#### Exercise requirements:
Every line of the entries below from the one containing "A person in" to the one containing "Un-Hombre-Rela", both ends included, must be written out exactly. No other line belongs in the answer.

(Records from a dataset)
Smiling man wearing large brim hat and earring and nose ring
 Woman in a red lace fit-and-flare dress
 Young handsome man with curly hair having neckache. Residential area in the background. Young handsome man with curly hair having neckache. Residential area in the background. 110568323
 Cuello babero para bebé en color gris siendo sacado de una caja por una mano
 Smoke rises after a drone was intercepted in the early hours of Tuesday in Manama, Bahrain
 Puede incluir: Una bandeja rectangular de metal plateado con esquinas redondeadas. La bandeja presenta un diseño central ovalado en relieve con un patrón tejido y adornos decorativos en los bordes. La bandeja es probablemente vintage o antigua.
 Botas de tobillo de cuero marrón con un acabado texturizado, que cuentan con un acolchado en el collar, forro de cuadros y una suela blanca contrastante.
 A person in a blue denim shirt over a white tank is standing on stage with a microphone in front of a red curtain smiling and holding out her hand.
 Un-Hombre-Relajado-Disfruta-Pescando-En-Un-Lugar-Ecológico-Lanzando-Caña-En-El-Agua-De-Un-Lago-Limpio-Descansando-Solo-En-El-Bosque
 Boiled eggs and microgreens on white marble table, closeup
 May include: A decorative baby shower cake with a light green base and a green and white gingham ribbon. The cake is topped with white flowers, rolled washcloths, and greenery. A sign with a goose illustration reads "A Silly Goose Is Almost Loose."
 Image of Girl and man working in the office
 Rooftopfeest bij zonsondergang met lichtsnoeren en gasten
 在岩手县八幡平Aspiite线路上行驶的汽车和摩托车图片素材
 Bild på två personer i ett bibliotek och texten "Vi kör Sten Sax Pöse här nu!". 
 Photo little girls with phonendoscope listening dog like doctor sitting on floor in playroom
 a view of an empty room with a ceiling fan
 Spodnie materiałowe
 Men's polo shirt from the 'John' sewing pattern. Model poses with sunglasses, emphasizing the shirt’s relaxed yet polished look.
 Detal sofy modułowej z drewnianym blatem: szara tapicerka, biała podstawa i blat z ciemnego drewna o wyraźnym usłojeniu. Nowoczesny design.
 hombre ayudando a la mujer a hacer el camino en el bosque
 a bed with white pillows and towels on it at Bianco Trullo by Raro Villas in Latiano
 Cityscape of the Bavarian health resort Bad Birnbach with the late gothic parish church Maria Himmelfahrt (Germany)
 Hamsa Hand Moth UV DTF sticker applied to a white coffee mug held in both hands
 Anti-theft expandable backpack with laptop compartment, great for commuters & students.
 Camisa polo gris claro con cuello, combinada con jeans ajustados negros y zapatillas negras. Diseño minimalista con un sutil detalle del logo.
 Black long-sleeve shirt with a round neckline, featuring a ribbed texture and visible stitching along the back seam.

#### Answer section:
 A person in a blue denim shirt over a white tank is standing on stage with a microphone in front of a red curtain smiling and holding out her hand.
 Un-Hombre-Relajado-Disfruta-Pescando-En-Un-Lugar-Ecológico-Lanzando-Caña-En-El-Agua-De-Un-Lago-Limpio-Descansando-Solo-En-El-Bosque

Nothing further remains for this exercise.